To locate a specific township in MapGuide, select the 'Zoom GoTo' button from the tool bar. This tool is a magnifying glass with an arrow on top pointing to the right .
Although you do not need to use capital letters, syntax is important. Here is an example of syntax for a request of Township 4 North, Range 1 West, section 18, Copper River Meridian: c004n001w18. Note you must use three numbers for the township and the range, so leading zeros must be added. Again, the order is meridian (C,F,K,S,U are the possible choices), township (N/S), range (E/W), and section. The 'zoom to width' pane can be changed to a desired scale; however, the default setting will center the requested township on your screen.

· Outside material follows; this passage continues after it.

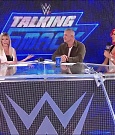 MAY_16TH_mp4_000346333.jpg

Here is a powerful feature of this mapping application. After selecting a specific township, you can look at adjacent land in relation to that township by just zooming out. To do this, select the 'zoom out' button on the tool bar, the magnifying glass with the minus sign , and left-click on the map in the location you want to be the center of the new map. This expanding view gives a regional perspective around a target area that you are interested in. Then, to look at the actual status plat, simply use the 'Status Plat' button on the toolbar, the little black & white map on the right , to go directly to the DNR Land Records Website in a new browser window. This will allow you to look at both MapGuide and the associated status plat together.
Many times an action on the status plat goes across a plat boundary making it difficult to see the extent of an entire action. In MapGuide, once you've located a portion of the action you are viewing on the status plat, you can select that polygon, using the 'Select' button on the tool bar, and the entire action will be highlighted on your screen.This will help you see the associated actions that may affect the area you are reviewing.
Please keep in mind; the data included in MapGuide is a digital representation of the information in the case file, as portrayed in the status plat database. The case file continues to be the official record for purposes of adjudicating a transaction.